A new coffee shop and restaurant plans to open soon in Houston’s Montrose neighborhood. It’s called Wild Montrose. They’ll serve coffee and cocktails, brunch, and – all with an optional twist. If you want, you can ask that your food or beverage be infused with cannabis derivatives, CBD or THC.
Using cannabis in cuisine is a growing trend in the restaurant world. But is this a gimmick, or is there a compelling culinary reason to use marijuana or its derivatives in a dish? Bao Ong, restaurant columnist for the Houston Chronicle, talked the trend over with the Texas Standard. Listen to the interview above or read the transcript below.
This transcript has been edited lightly for clarity:
Texas Standard: Is it, in fact, the case that more restaurants have started using cannabis in their food and drinks?
Bao Ong: Absolutely. It’s a trend that we’ve been seeing for a few years now. You know, I think the bigger story, though, is that the use of CBD is part of this huge wellness industry that definitely plays a big role in the restaurant world today. There was one stat that I was reading recently that projected that the CBD industry would hit $16 billion in the U.S. by 2025.
But I’m curious, can you use cannabis as a spice to add something to a dish? Is there a culinary rationale behind this?
I think it’s more about the so-called wellness properties of CBD, which is very much in flux. There’s a lot of studies out there on both sides of the aisle. And the few times I’ve tried CBD — I actually tried a line of Martha Stewart Wellness Gummies a few years ago — it tasted like sugar to me. The CBD itself, the oil that you may use to infuse the dish, does not have its own unique flavor profile.
Of course, the fact that we’re talking about Martha Stewart and CBD, I mean, that says something unto itself, I suppose. But I wonder if the intent, most broadly, is that perhaps you can feel some of the psychoactive effects of the drug after you eat something that’s been infused with THC? Or is that really not the idea here?

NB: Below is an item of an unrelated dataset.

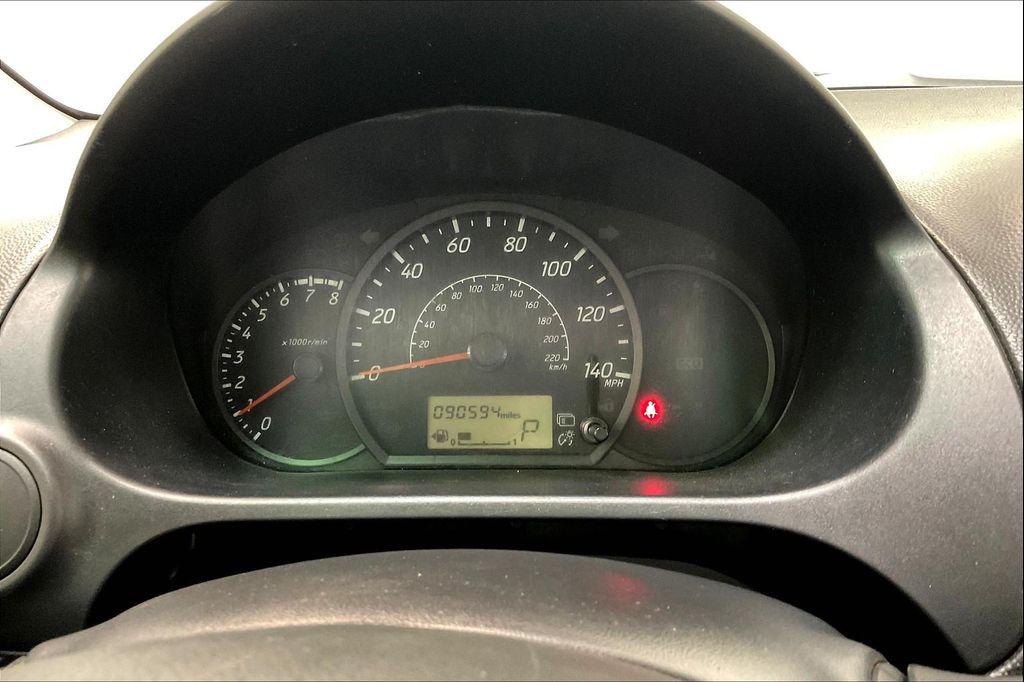 used 2019 Mitsubishi Mirage car, priced at $8,795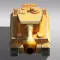 World of Hero: Laser Tanks Wars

You know, I think people who want to achieve that high or some of the other side effects of marijuana would just go straight there. But I think the reason why CBD is so popular is because the wellness industry has really taken it on as one of the trends in health and wellness at the moment. You see Gwyneth Paltrow’s brand of Goop sells a lot of products with CBD. You can find CBD candles, lotions, lip balm. And just how prevalent CBD is, even outside of restaurants, I think just shows that there’s this demand in the wellness industry. People are looking for things that address things like anxiety or people who have insomnia and they’re looking for ways to deal with it that they believe are healthy.
I was trying to think of a parallel trend. I mean, there are trends that come and go in food all the time, but I’m not sure that I can think of anything that’s quite like this. I guess that raises the question, are we talking about more of a fad, something that people are really buzzing about — no pun intended right now — but give it another year and there will be more eye rolls than anything else when it comes to infusing food with derivatives from marijuana?
For right now I would put it into the fad category. I recently have seen CBD in cheeseburgers or even toothpicks INfused with CBD. And the studies haven’t really backed up the benefits, to a point where I feel that CBD is something that we will see ten years down the road, unless the studies say otherwise.
Having said that, I mean, what do you know about Wild? This is not their only shop, as I understand it.
No, you know, they started off as a coffee shop. There was a dispensary component and a cocktail bar, as well. But this second location is probably Houston’s first legal, cannabis-infused dining experience that skews more on the fine dining side.